Distribute

The distribute function provides a flexible mechanism for distributing a list of items into sublists according to a set of Rangy count specifications. This is particularly useful when dealing with data segmentation tasks where the number of elements in each segment can vary within defined constraints.

Basic Usage

The simplest use case involves distributing items according to a list of Rangy objects representing the desired counts for each sublist:

from rangy import Rangy, distribute

items = [1, 2, 3, 4, 5, 6, 7, 8, 9, 10]
counts = [Rangy(1), Rangy("2-4"), Rangy("*")]  # 1 item, 2-4 items, the rest

result = distribute(items, counts)
print(result)  # Output: [[1], [2, 3, 4], [5, 6, 7, 8, 9, 10]]

Handling Separators

In scenarios where the input list contains separators that delimit logical segments, distribute can intelligently handle these boundaries. The function ensures that separators are not included in the distributed sublists and that segment boundaries are respected.

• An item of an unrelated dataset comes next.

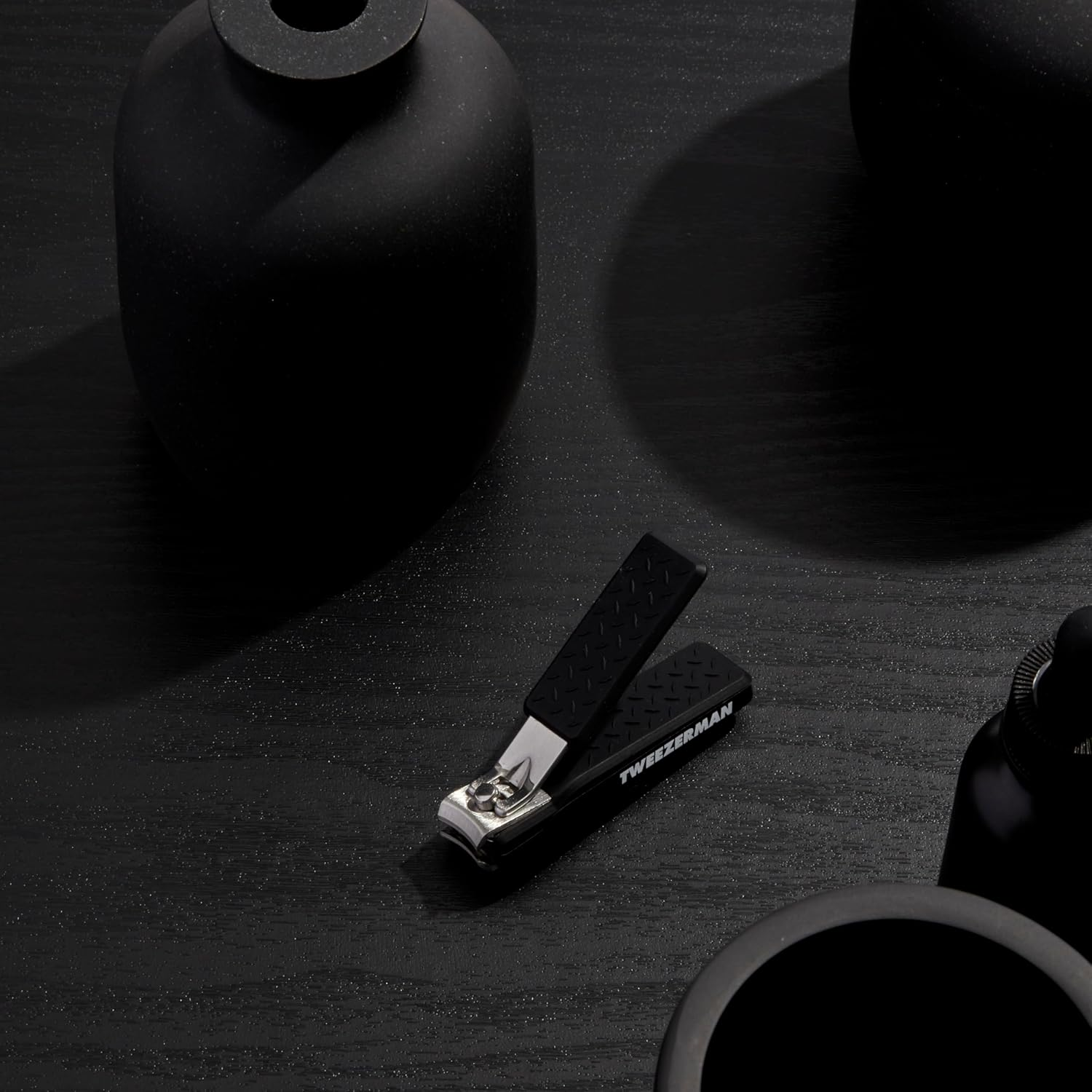 Precision Grip Fingernail Clipper image number 1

items_with_separator = [1, 2, "--", 3, 4, 5, 6, "--", 7, 8, 9, 10]
counts_with_separator = [Rangy("1-2"), Rangy("4-6"), Rangy("2-5")]

result_with_separator = distribute(items_with_separator, counts_with_separator)
print(result_with_separator)  # Output: [[1, 2], [3, 4, 5, 6], [7, 8, 9, 10]]

Unbounded Counts

distribute supports unbounded counts using the * and + specifications within the Rangy objects. * represents “zero or more,” while + represents “one or more.” When an unbounded count is encountered, distribute allocates the remaining items to that sublist after satisfying the constraints of the other specified counts.

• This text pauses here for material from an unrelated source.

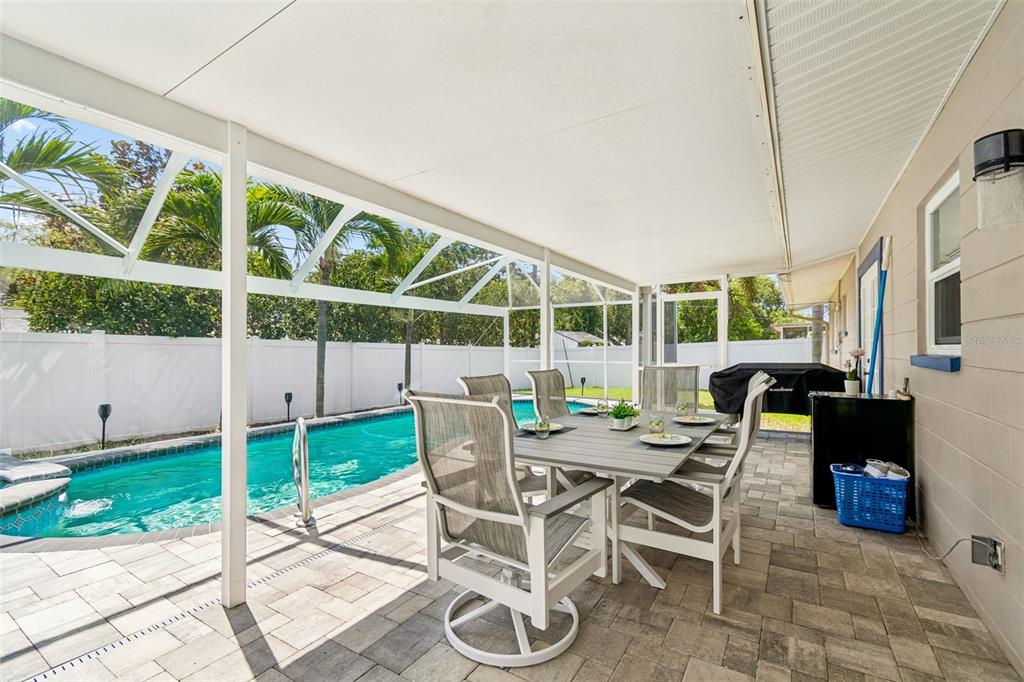 9045 Ridge Road Seminole, FL 33772 - Photo 29 of 39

items = [1, 2, 3, 4, 5, 6]
counts = [Rangy(1), Rangy("*")]  # One item, then the rest.

result = distribute(items, counts)
print(result)  # Output: [[1], [2, 3, 4, 5, 6]]

Multiple Unbounded Counts

If multiple unbounded counts are specified, distribute distributes the remaining items among them proportionally. This ensures that no single unbounded count consumes all the remaining items unless it is the only unbounded count.

items = [1, 2, 3, 4, 5, 6, 7, 8]
counts = [Rangy(1), Rangy("*"), Rangy("*")] # One item, then split the rest

result = distribute(items, counts)
print(result)  # Output: [[1], [2, 3, 4], [5, 6, 7, 8]] (approximately even split)

Edge Cases and Behavior

  • Insufficient Items: If there are fewer items than required by the minimum specified counts, distribute will raise a ValueError.

  • Empty Counts List: If an empty list of counts is provided, distribute will return an empty list of sublists.

  • Separator Handling with Non-String Separators: If your separator is not a string type, you will need to provide a separator_type for it to be correctly excluded from the output sublists.

items_with_int_separator = [1, 2, 3, 4, 5]
counts = [Rangy(2), Rangy(1)]  # Expect: [[1, 2], [4]]
separator = 3
separator_type = int
result = distribute(items_with_int_separator, counts, separator=separator, separator_type=separator_type)